Second is the type of memory of Cain himself as well as others who spoke of their research activities with him. Porterfield was at the forefront of his field in wanting to collect data on social problems. Especially noteworthy were his studies on self-reporting of juvenile delinquency which appeared a few years before Kinsey used the same method (and received national attention) when he used self-reporting of young people in speaking about their sex lives. But Cain makes an interesting point that lies behind the title of the book (A Man's Grasp Should Exceed His Reach)--that Porterfield often lacked good data to make judicious conclusions and so he would often "leap ahead," extrapolate or in someway come up with conclusions that were derived from data but not completely justified by it.

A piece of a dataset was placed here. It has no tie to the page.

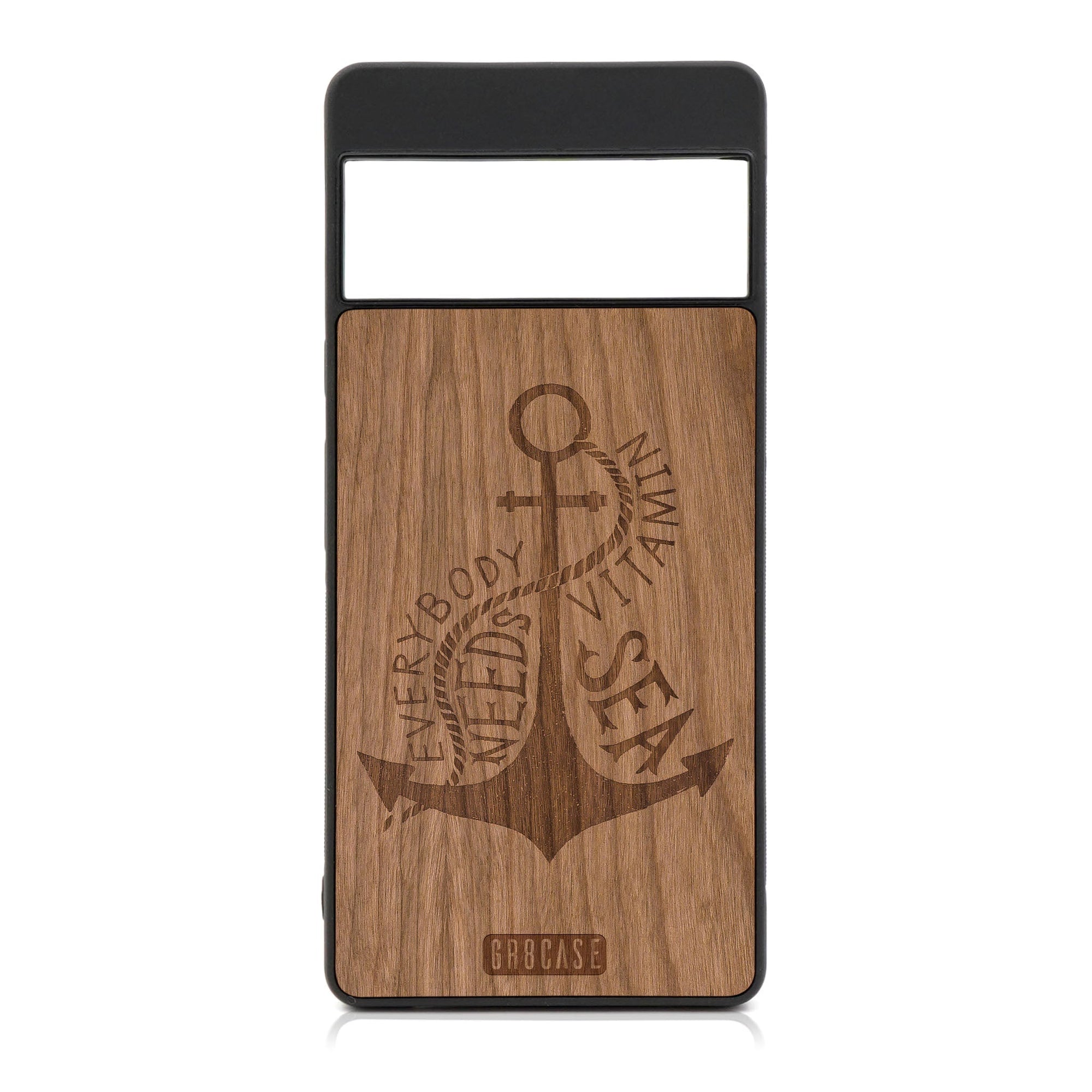 Everybody Needs Vitamin Sea (Anchor) Design Wood Case For Google Pixel 7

Rather than criticizing his mentor for methodological sloppiness, Cain recognizes both the rather rudimentary nature of the field in those days but also that Porterfield already "grasped" a vision of a better society, almost like the Kingdom of God, even if his data wouldn't let him "reach" it. Thus, he grasped more than he reached--a concept worth more than a moment's reflection.
Interesting to me, however, was the realization that the topic of Porterfield's Duke University doctoral dissertation was the role of imagination in sociology. That topic deserves an essay.